YAWL (Yet Another Workflow Language) is a workflow language based on workflow patterns. The language is supported by a software system that includes an execution engine, a graphical editor and a worklist handler. The system is available as Open source software under the LGPL license.

Production-level uses of the YAWL system include a deployment by first:utility and first:telecom in the UK to automate front-end service processes, and by the Australian film television and radio school to coordinate film shooting processes. The YAWL system has also been used for teaching in more than 20 universities.[1]

Features[edit]

  • Comprehensive support for the workflow patterns.
  • Support for advanced resource allocation policies, including four-eyes principle and chained execution.
  • Support for dynamic adaptation of workflow models through the notion of worklets.
  • Sophisticated workflow model validation features (e.g. deadlock detection at design-time).
  • XML-based model for data definition and manipulation based on XML Schema, XPath and XQuery.
  • XML-based interfaces for monitoring and controlling workflow instances and for accessing execution logs.
  • XML-based plug-in interfaces for connecting third-party web services with the system, including third-party worklist/task handlers.
  • Automated form generation from XML schema.

History[edit]

The language and its supporting system were originally developed by researchers at Eindhoven University of Technology and Queensland University of Technology. Subsequently, several organizations such as InterContinental Hotels Group, first:telecom and ATOS Worldline[2] have contributed to the initiative.

The original drivers behind YAWL were to define a workflow language that would support all (or most) of the workflow patterns and that would have a formal semantics. Observing that Petri nets came close to supporting most of the workflow patterns, the designers of YAWL decided to take Petri nets as a starting point and to extend this formalism with three main constructs, namely or-join, cancellation sets, and multi-instance activities. These three concepts are aimed at supporting five of the workflow patterns that were not directly supported in Petri nets, namely synchronizing merge, discriminator, N-out-of-M join, multiple instance with no a priori runtime knowledge and cancel case.

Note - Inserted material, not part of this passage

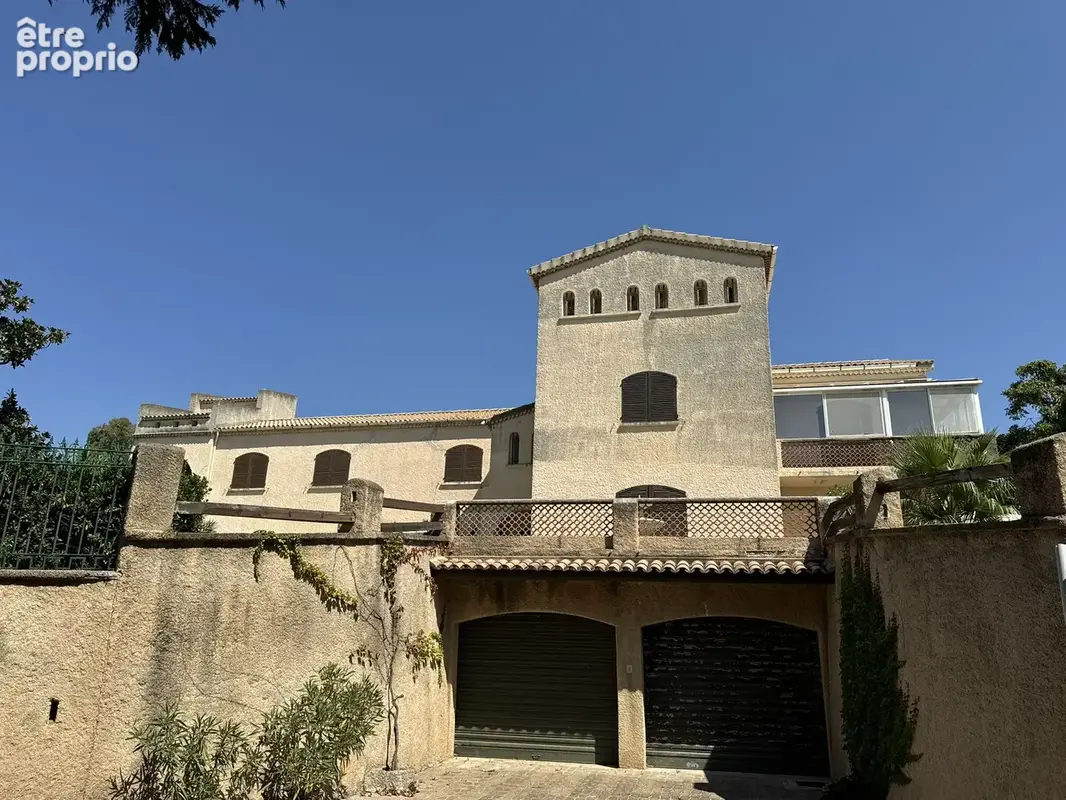 Ghisonaccia   maison de caractère avec fort potentiel   terrain de 2 705 m2   piscine intérieure - photo 18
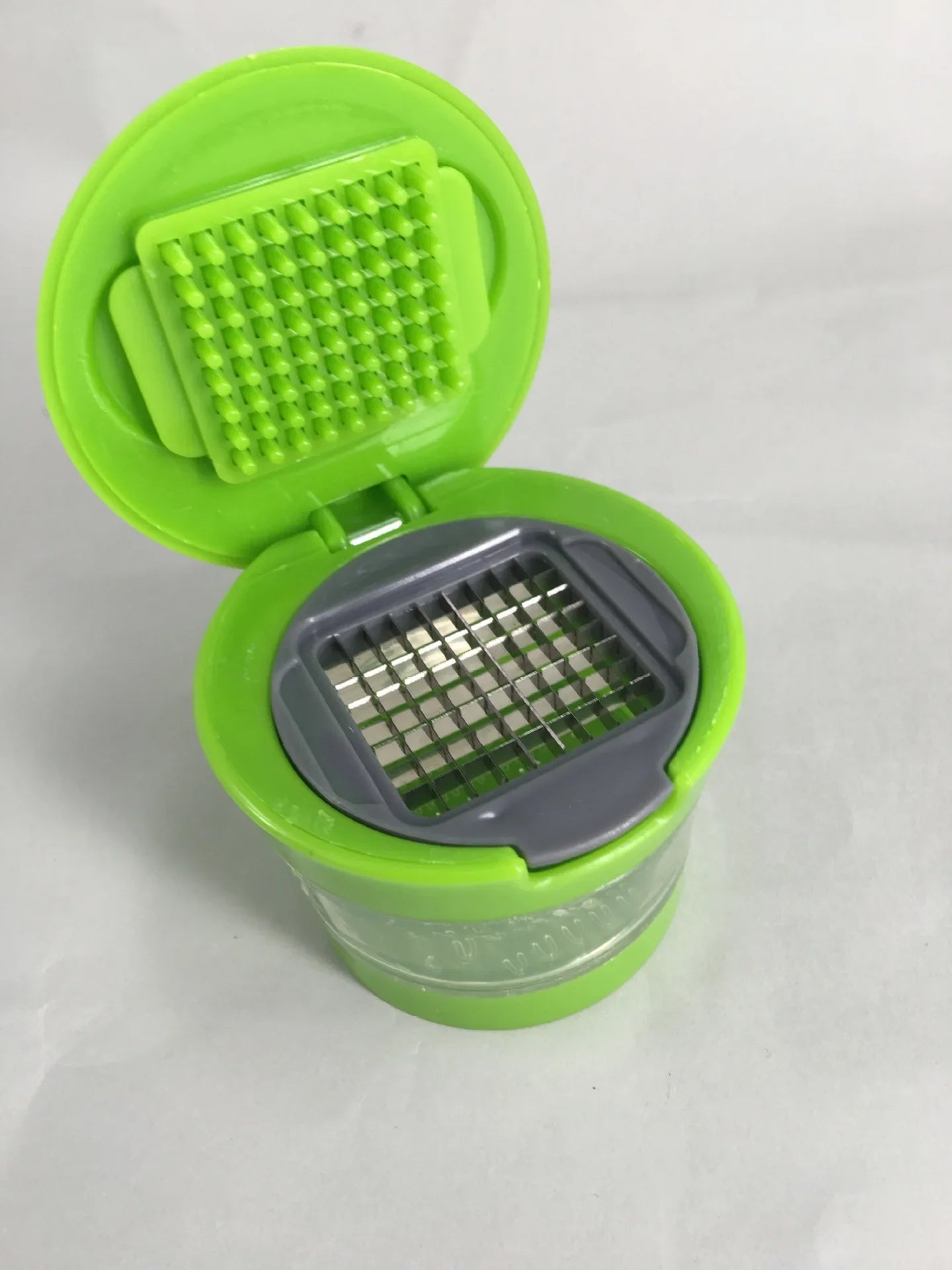 https://ae01.alicdn.com/kf/S801db490871141ba98170db1360ff3445/Garlic-Press-Masher-Mini-Manual-Two-in-one-Chop-Useful-Kitchen-Gadget-Tool-Home-Convenience-Small.jpg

In addition, YAWL adds some syntactical elements to Petri nets in order to intuitively capture other workflow patterns such as simple choice (xor-split), simple merge (xor-join), and multiple choice (or-split). During the design of the language, it turned out that some of the extensions that were added to Petri nets were difficult or even impossible to re-encode back into plain Petri nets. As a result, the original formal semantics of YAWL are defined as a Labelled transition system and not in terms of Petri nets. The fact that YAWL is based on formal semantics has enabled the implementation of several techniques for analyzing YAWL processes. In particular, the YAWL system includes a static analysis tool called WofYAWL.

YAWL vs. BPEL[edit]

YAWL is sometimes seen as an alternative to BPEL. A major advantage of BPEL is that it is driven by a standardization committee supported by several IT industry players. As a result, BPEL is supported by a significant number of tools (both proprietary and open-source) while YAWL has a single implementation at present. Also, several researchers have captured the formal semantics of subsets of BPEL in terms of various formalisms, including Petri nets, Process algebra and Finite state machine. This has paved the way for the development of static analysis tools for BPEL that can compete with the static analysis capabilities provided by the YAWL system.

On the other hand, it has been noted that standard BPEL fails to support human tasks, that is, tasks that are allocated to human actors and that require these actors to complete actions, possibly involving a physical performance. A number of BPEL engines already provide extensions to BPEL for human tasks, but these extensions are yet to be standardized. In contrast, YAWL provides a unified interface for worklist services based on Web services standards. This interface allows developers to build their own worklist service to support human tasks according to their needs. In addition, the YAWL system comes with a default worklist service that supports several types of human task allocation and handling. Another advantage of YAWL is its support for the Workflow Patterns, although the gap between YAWL and BPEL in this respect may be reduced by new constructs that are included in BPEL version 2.0.